According to a study published in the journal Scientific Reports, the pioneering method can identify plastics down to 5 millimeters in size. It's also able to distinguish the difference between natural materials and plastics.

Each year, millions of tons of plastic debris make their way into the oceans, and they end up either floating or sinking. Some plastic pieces end up being ingested by marine animals, while others, unfortunately, get entangled in the bigger pieces. Over time, the plastics break down into tiny particles called microplastics.

It is essential that we clean up plastic debris before they break down into tinier pieces or cause harm to marine life. Cleanup initiatives are ongoing, but a way to perform a massive and more effective hasn't been found yet until recently.

Given satellites are capable of circling the Earth repeatedly and capture images on a global scale; these machines have the hugest potential to find and detecting plastics floating in the oceans. A problem, though is, the resolution provided by satellites may not be good enough to detect microplastics.

This is where artificial intelligence (AI) comes in. Lauren Biermann and her colleagues at the Plymouth Marine Laboratory in the UK found a way to make plastic detection more efficient by way of combining satellite data with AI. They use data from the Sentinel-2A and 2B Earth observation satellites, which were launched by the European Space Agency (ESA) in 2015 and 2017. The satellites have a spatial resolution of 10 meters, but they can detect multiple wavelengths of light.

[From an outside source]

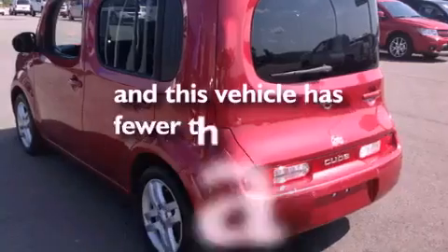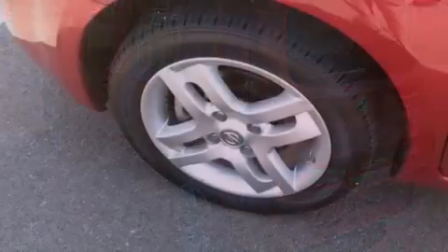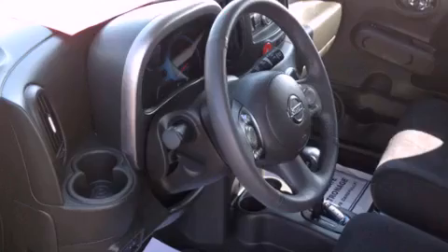This vehicle has fewer than 45,000 miles on the odometer. With an EPA estimated rating of 30 miles per gallon on the highway, this automobile does not compromise its fuel efficiency for size, comfort, or fun.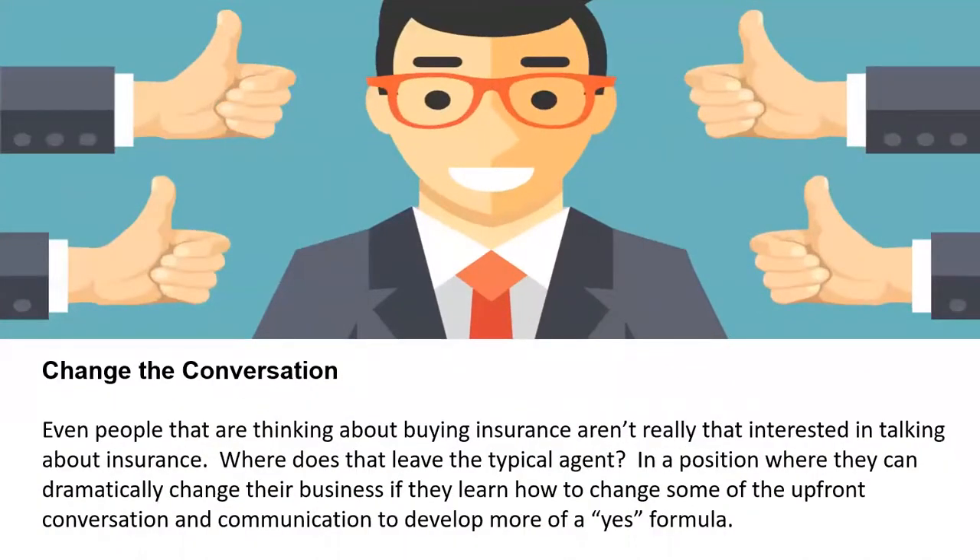And then finally, change the conversation. This is one of the most interesting ways to accomplish what we're talking about today. Even people thinking about buying insurance aren't really that interested in talking about insurance. Where does that leave a typical agent? In a position where they can dramatically change their business if they learn how to change the upfront conversation and communication to develop more of a 'yes formula.' Look at the top of your funnel — try to develop a yes formula to get as many people interested in what you're offering as possible. That helps create different cycles of communication, different people in different parts of the pipeline, qualified appointments, revenue, income, and growth. It all starts with making sure that front end gets as much activity, action, and interest as possible.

Essentially, the researchers look for the visible and infrared light signals that plastic reflects. The images are then analyzed pixel-by-pixel by machine-learning algorithms.

To test this technology, they attempted to identify foreign materials floating on the waters of east Scotland, Canada, Vietnam, and Ghana. The team successfully identified plastic debris from the other debris found in the ocean like wood and seafoam.

"Being able to detect marine litter close to land may aid clean-up operations before discarded items are exported, fragmented, or sunk below the surface of the water," the researchers wrote. It should be possible to use this approach with drones and future high-resolution satellite missions, they added.